Where Will the Spiritual Path Take You?

Where Will the Spiritual Path Take You? February 4, 2021

spiritual path
Mario Dobelmann via Unsplash

Jack Kornfield tells the story of the late Buddhist monk Chögyam Trungpa Rinpoche who was one day giving a talk at a lecture hall in Berkelely, California. The participants had paid $15 each to hear him speak and once the hall had filled, Trungpa asked them: “How many of you are just beginning your spiritual practice?”

A number of people raised their hands. He looked around the room and said, “Fine, my suggestion is that you go home. At the back door, they will give you your money back and you can go home now and not get started in this very difficult and terrible process.” Now with the audience’s rapt attention, he continued:

‘It is a lot more difficult than you know when you begin. Once you start, it is very difficult to stop. So my suggestion to you is not to begin. Best not to start at all. But if you do start, then it is best to finish.”

Trungpa is referring to the spiritual path many of us are on right now.

The difficulties come when what we know is true in our hearts collides with the complexities of living in the real world. It can be difficult to remain spiritually centered, to live a life of loving kindness, to strive for a greater purpose in life—while also working a 9-to-6ish job, raising children or grandchildren, caring for an elderly family member or just dealing with the pressures of everyday life from paying the bills to dealing with a moody spouse.

But once we embark on the spiritual path, there is no turning back. The genie is out of the bottle. Since it is a journey without a goal, there is no finish line or end to the spiritual path. (At least not until our soul passes on to our next adventure.) The path becomes an integral part of our lives, even during the times we push the idea to the back of our heads or momentarily lose our way.

Navigating the path can make life tricky. Unless we have retreated from the world and joined a monastery or religious order, we move through life with one foot on the traditional path, the one that society steers us to, with the other foot on the spiritual path. We sometimes walk the traditional path during the day and venture off to the spiritual path late at night or early in the morning, though we do our best to integrate the two.

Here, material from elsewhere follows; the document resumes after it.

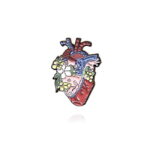PROF Flowers Heart Brooch - 0016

Only at a certain point, the spiritual path becomes more important.

In the book Spiritual Emergency, Kornfield writes that “spiritual practice often undermines worldly motivation.” As “our consciousness grows and we develop feelings of universal love,” our motivation to climb the corporate ladder, pursue financial wealth or obtain more material possessions diminishes. “We have turned down the heat, the interest in worldly things.”

The spiritual path becomes our way, because we can never unknow what we have learned or make believe that it never happened. Ram Dass continues this theme in Spiritual Emergency, telling us that once we are on the path, there is no falling off it. Sure, we may occasionally slip up and catch ourselves saying or doing things we later regret, but as Ram Dass says, “you can forget for a moment, but what you think you have forgotten will keep coming back to you.”

Why do we do it? Is being on the spiritual path worth the effort?

If you believe that your ultimate goal in life is to reach your fullest potential as a human being; if you want to look back from your deathbed and have no regrets, the question answers itself. Yes. Being on a spiritual path not only defines your purpose in life, it often becomes indistinguishable from your purpose in life. What’s more, we don’t just follow this path for ourselves; we do it for those around us. To again quote Ram Dass:

You work on yourself, spiritually, as an offering to your fellow beings. You cultivate the qualities of peace, love, joy, presence, honesty and truth.

 As your life becomes your path, you are living from your truest self. To paraphrase Gandhi, your life itself becomes your message. Your daily activities and actions encourage and influence others. During dark times, you become a candle that lights the way. You navigate the joys and perils of life, the ups and the downs, with an open heart and a calm and even demeanor. You know no other way.